How can that be the case, shouldn’t a leftward shift in labor supply increase wages? Not necessarily as farmers had other options not usually contemplated by those who only think about the supply and demand for labor in isolation. Instead of hiring more American workers or raising their wages, farmers turned to machines and altered the crops they planted to take account of the new dearth of workers. Instead of planting crops that required labor-intensive harvesting or care, they planted other crops that required many fewer workers. Farmers turned to machines like tomato pickers and changed methods for planting and harvesting other crops to take account of the newer wages they would have faced had they stuck with the Bracero-era farm techniques. 

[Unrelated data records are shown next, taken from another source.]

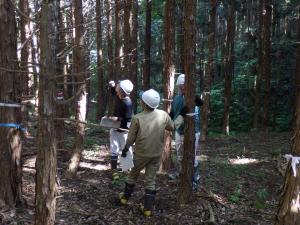 間伐（選木）実習2
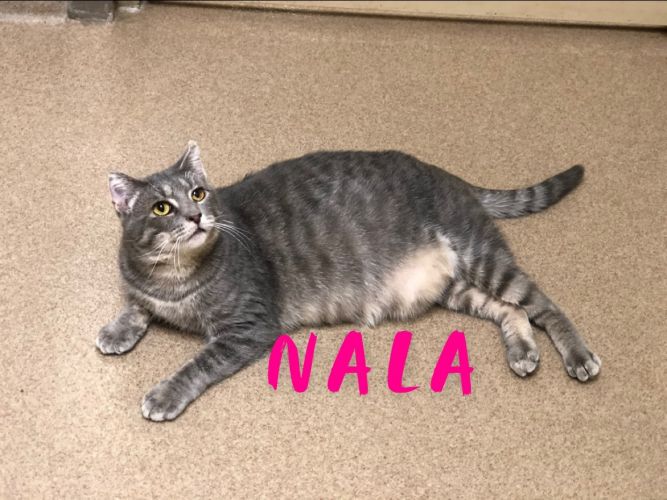 Nala - to rescue!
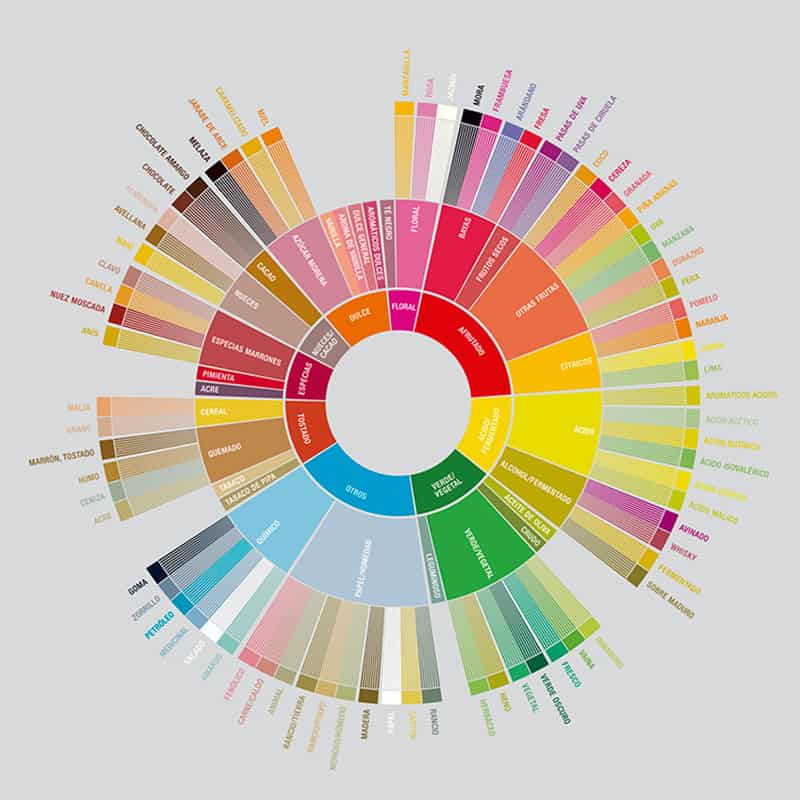 Círculo de colores para aromas y sabores del café en la infografía de Candela Coffee.
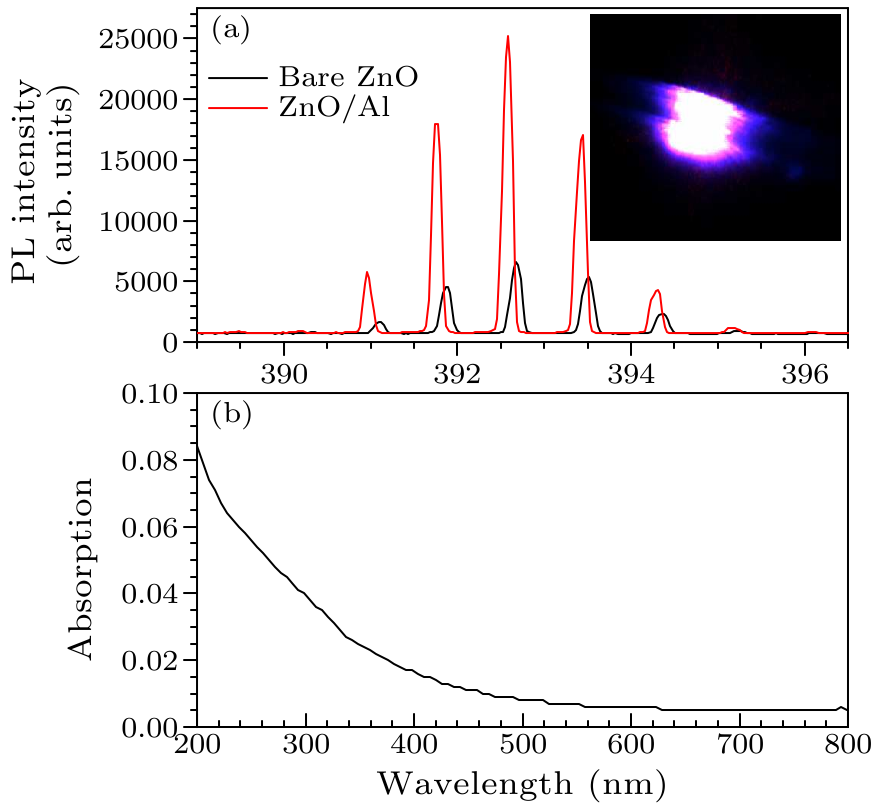 cpl-34-7-078503-fig4.png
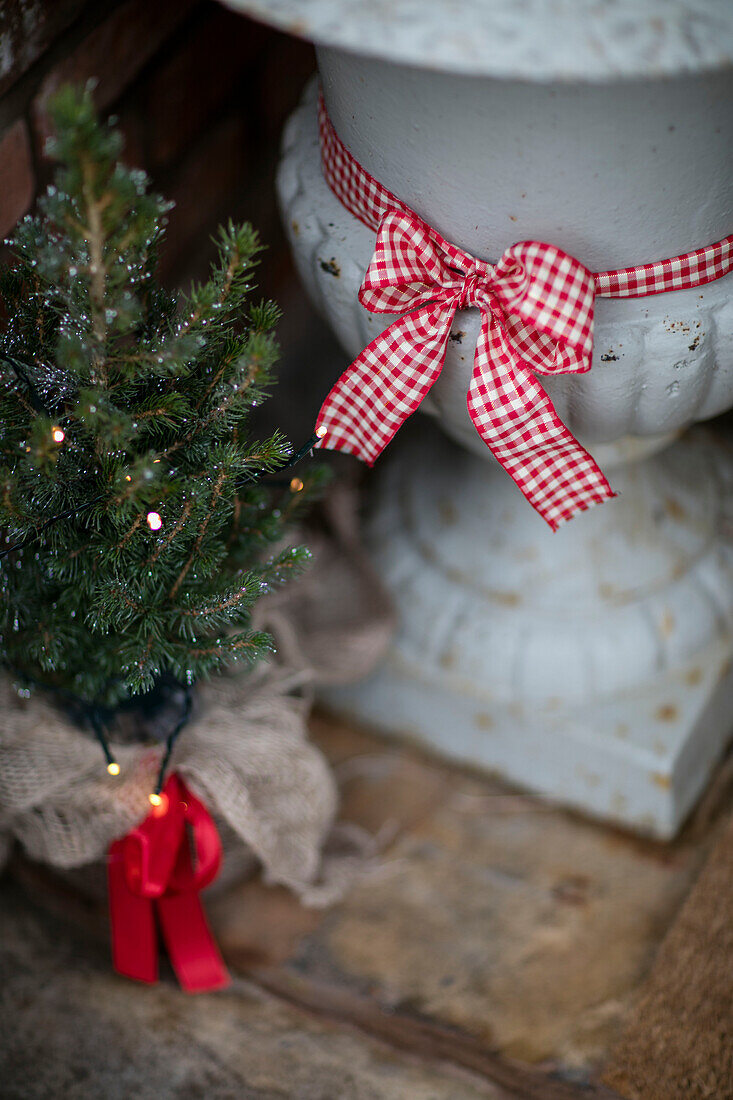 Gingham-Schleife auf Gartenurne mit kleinem Weihnachtsbaum vor der Tür eines Hauses in Cheshire, UK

The farmer’s actions in response to Bracero’s cancellation were economically inefficient and presumably raised the costs of production relative to their employment of legal workers under the Bracero program. But since the Bracero program wasn’t available anymore, using more machines and changing techniques were still the cheapest options available. Those options did not include hiring more Americans or raising their wages. The detailed empirical work in this paper considers many other possibilities but convincingly answers them, such as pointing out that nearly all of the Braceros went home instead of staying on illegally and that the flow illegal Mexican farm workers did not pick up immediately.


The similarities between the end of the Bracero program and the RAISE Act are enough to make this new research a compelling reason to reject the RAISE Act out of hand. The Bracero program allowed in half a million workers a year before it was eliminated which is about the same number of green cards that RAISE would cut. Bracero workers were lower-skilled and many of those that would be cut by RAISE are also low-skilled. Braceros were concentrated in some states and not others just like the new immigrants who would not be allowed under RAISE. 

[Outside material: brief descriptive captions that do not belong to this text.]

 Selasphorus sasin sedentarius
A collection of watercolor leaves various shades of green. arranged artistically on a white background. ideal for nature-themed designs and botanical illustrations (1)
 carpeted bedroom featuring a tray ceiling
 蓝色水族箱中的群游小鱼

The ending of the Bracero program was a policy shift very similar to that proposed by the RAISE Act. Ending Bracero didn’t raise wages for American farm workers and we shouldn’t expect the RAISE Act to do the same for other low-skilled Americans who are suffering for myriad reasons that have nothing to do with immigration. Senators Cotton and Perdue may intend to raise the wages of lower-skilled Americans, but their bill is more likely to line the coffers of firms that manufacture machines that can substitute for them.